BEGIN RECORDS FOR THE EXERCISE

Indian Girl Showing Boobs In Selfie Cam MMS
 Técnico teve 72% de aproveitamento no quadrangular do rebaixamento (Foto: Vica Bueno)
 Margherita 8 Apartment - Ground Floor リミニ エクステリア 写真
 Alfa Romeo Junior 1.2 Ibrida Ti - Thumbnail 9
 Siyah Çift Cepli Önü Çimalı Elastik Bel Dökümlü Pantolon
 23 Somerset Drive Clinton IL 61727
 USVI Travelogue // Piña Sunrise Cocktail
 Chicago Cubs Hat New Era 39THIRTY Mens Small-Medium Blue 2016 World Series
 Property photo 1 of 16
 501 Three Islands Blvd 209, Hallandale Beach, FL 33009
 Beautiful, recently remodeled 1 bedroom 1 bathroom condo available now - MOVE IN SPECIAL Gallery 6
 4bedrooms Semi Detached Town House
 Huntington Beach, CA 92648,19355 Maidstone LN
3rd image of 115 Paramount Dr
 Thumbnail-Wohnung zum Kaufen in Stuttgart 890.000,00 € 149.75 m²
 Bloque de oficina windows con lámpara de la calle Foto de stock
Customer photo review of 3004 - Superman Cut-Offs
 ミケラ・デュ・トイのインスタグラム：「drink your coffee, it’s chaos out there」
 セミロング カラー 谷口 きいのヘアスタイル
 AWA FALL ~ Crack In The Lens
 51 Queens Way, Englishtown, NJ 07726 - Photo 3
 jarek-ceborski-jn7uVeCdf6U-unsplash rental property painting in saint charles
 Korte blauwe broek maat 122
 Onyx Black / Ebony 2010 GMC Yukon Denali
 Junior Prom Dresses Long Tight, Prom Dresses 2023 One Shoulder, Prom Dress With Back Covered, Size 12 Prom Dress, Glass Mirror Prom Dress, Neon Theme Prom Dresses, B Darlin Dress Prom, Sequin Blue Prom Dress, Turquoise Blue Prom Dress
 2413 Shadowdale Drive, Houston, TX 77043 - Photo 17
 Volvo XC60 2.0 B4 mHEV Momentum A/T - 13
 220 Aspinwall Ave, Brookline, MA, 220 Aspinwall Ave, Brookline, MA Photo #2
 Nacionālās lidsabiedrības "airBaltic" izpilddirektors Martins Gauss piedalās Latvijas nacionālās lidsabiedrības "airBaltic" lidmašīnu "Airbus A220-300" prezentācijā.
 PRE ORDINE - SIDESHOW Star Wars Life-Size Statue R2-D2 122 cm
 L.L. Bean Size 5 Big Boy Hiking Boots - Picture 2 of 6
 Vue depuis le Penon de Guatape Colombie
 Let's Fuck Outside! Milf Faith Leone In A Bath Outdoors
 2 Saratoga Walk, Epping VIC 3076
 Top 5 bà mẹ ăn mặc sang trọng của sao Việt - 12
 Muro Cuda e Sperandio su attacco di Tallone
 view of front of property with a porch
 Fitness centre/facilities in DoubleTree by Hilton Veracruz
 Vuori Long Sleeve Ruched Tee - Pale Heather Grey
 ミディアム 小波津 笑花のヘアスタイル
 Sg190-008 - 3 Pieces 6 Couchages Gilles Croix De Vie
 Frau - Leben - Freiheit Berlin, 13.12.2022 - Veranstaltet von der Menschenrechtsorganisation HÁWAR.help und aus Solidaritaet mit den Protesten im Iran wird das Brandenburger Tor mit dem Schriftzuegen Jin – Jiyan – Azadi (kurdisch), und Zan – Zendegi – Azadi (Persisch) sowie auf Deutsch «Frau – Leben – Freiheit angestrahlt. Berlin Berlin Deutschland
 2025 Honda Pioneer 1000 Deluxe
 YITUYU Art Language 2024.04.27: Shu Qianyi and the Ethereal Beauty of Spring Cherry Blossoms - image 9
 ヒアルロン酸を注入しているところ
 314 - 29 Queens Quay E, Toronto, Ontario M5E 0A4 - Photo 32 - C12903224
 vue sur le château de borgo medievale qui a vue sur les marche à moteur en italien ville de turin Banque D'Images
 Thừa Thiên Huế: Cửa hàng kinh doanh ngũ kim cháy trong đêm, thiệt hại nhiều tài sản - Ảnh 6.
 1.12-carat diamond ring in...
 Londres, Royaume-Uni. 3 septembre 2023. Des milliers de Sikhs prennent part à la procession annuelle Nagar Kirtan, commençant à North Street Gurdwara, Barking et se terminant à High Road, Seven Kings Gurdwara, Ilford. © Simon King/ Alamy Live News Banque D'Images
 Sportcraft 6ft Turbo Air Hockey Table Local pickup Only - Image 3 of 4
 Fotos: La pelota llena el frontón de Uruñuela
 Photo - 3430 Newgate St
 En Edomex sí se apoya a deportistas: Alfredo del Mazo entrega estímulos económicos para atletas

END RECORDS FOR THE EXERCISE

### WHAT YOU ARE ASKED TO DO
Your answer must be every line from the entries that contains the string "Long", copied as it stands.

### ANSWER TO THIS TASK
 Junior Prom Dresses Long Tight, Prom Dresses 2023 One Shoulder, Prom Dress With Back Covered, Size 12 Prom Dress, Glass Mirror Prom Dress, Neon Theme Prom Dresses, B Darlin Dress Prom, Sequin Blue Prom Dress, Turquoise Blue Prom Dress
 Vuori Long Sleeve Ruched Tee - Pale Heather Grey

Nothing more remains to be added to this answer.